[Gllug] Blueyonder Telewest cable broadband

Formi formi at sdf-eu.org
Wed Aug 20 00:42:28 UTC 2003


On Tue, 19 Aug 2003, Andrew Richardson wrote:

> Richenberg, Alan wrote:
> > I have bought a new Elinux machine from Evesham with Mandrake 9.1
> > installed. This is for home use on a standalone basis. The man from
> > Telewest is due to come soon to give me cable broadband. I've asked for
> > the network card option (thanks for the advice Xander). As a novice I'd
> > be grateful for advice on what, if anything, I need to do
> > pre-installation (I won't get any help from Telewest man on Linux) and
> > what the best security options are once the connection is up.
> >
> > Thanks, Alan
> >
> Alan,
>
> I don't know exactly what firewalling tools Mandrake 9.1 comes with but
> as a suggestion you could try the following.
>
> 1.  Lock down all the unnecessary ports and generally tighten everything
> up using Bastille.  If it is not included by default it is easy to
> obtain and their website gives good help. It takes you through the
> process of 'hardening' your box step by step.  A little time consuming
> but definitely worthwhile. It only needs doing the once.
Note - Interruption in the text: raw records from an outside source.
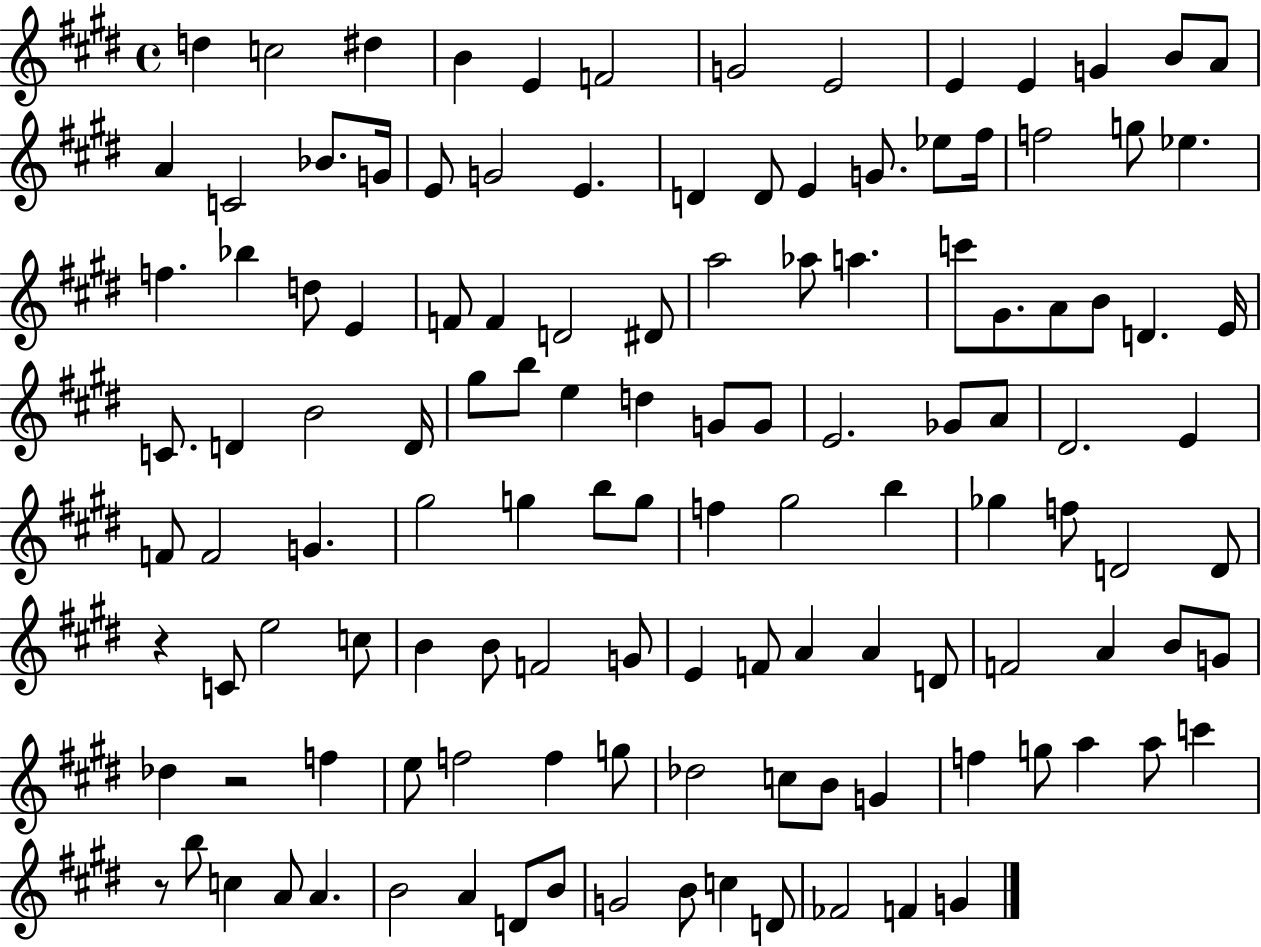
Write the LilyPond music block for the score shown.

{
  \clef treble
  \time 4/4
  \defaultTimeSignature
  \key e \major
  d''4 c''2 dis''4 | b'4 e'4 f'2 | g'2 e'2 | e'4 e'4 g'4 b'8 a'8 | \break a'4 c'2 bes'8. g'16 | e'8 g'2 e'4. | d'4 d'8 e'4 g'8. ees''8 fis''16 | f''2 g''8 ees''4. | \break f''4. bes''4 d''8 e'4 | f'8 f'4 d'2 dis'8 | a''2 aes''8 a''4. | c'''8 gis'8. a'8 b'8 d'4. e'16 | \break c'8. d'4 b'2 d'16 | gis''8 b''8 e''4 d''4 g'8 g'8 | e'2. ges'8 a'8 | dis'2. e'4 | \break f'8 f'2 g'4. | gis''2 g''4 b''8 g''8 | f''4 gis''2 b''4 | ges''4 f''8 d'2 d'8 | \break r4 c'8 e''2 c''8 | b'4 b'8 f'2 g'8 | e'4 f'8 a'4 a'4 d'8 | f'2 a'4 b'8 g'8 | \break des''4 r2 f''4 | e''8 f''2 f''4 g''8 | des''2 c''8 b'8 g'4 | f''4 g''8 a''4 a''8 c'''4 | \break r8 b''8 c''4 a'8 a'4. | b'2 a'4 d'8 b'8 | g'2 b'8 c''4 d'8 | fes'2 f'4 g'4 | \break \bar "|."
}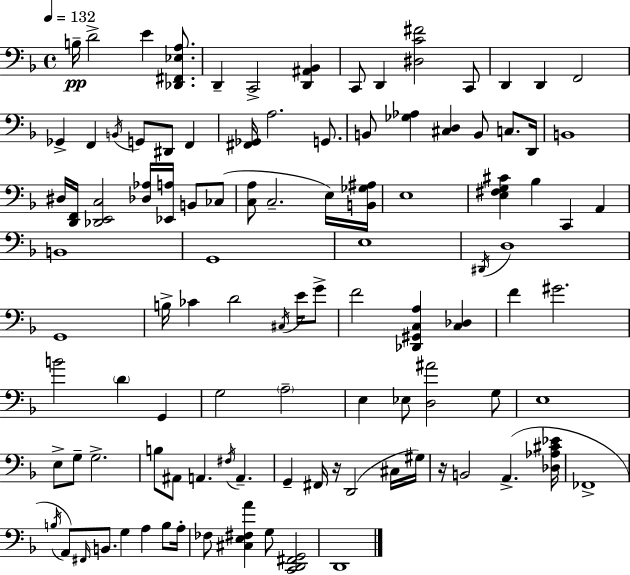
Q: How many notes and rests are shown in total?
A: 105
At some point in time before shorewall, or sore-firewall, Bastille came
with mdk. Since they dropped it, I have used custom firewalls.

>
> 2.  Run a software firewall.  I think Mandrake probably comes with one
> of its own.  alternatively you could try 'firestarter'.
>
> If you need to find either of these packages, or indeed any Mandrake rpm
> resources, have a look at www.rpmfind.net
>

Oh no, there is a simple way

urpmi.addmedia  <your_preferite_name>
ftp://ftp.<your_choice_of_ftp_mirror>/mandrake/9.1/RPMS with
../base/hdlist.cz

Or something like that, long time since I did it.

And then the same with the location of the updates, if you have the
complete collection of cds you don't need to add the RPMS collection.

There are other repositories like contrib, that have packages not
included on the official distro, just fish for them.

Then every now and then, urpmi.update <your_preferite_name>, on the
updates repository to refresh the list of updates.

And to upgrade the system urpmi --auto-select --auto, that simply does all
the updating.

Want to install webmin, urpmi webmin, it checks if you have the latest
version available, if not, it works out the dependencies, downloads everything
and installs it.

Kernels need to be download by hand, and installed with rpm -ivh kernel...

I suppose you can use the graphical front-ends, I never like them for
using too much memory.

I installed mandrake 7.1 when it came out, and have updated it that way up
to 9.1. No trouble, no hassle.

On my old laptop, a simple (that's 1) floppy would be enough to kick the
ftp, nfs, http, even wireless installation.

I must admit I never installed linuxconf, or the wizards, and no graphical
staff, and deinstalled most scripts that run automatically like msec, on
the server. The laptop had quite a trimmed down installs due to being a
p166mmx. So your mileage may vary.

I never understood why debianites boast so much about apt-whatever...
life was easy with mdk, I shall not mention the red I get when I have
to install anything on the the rat distro.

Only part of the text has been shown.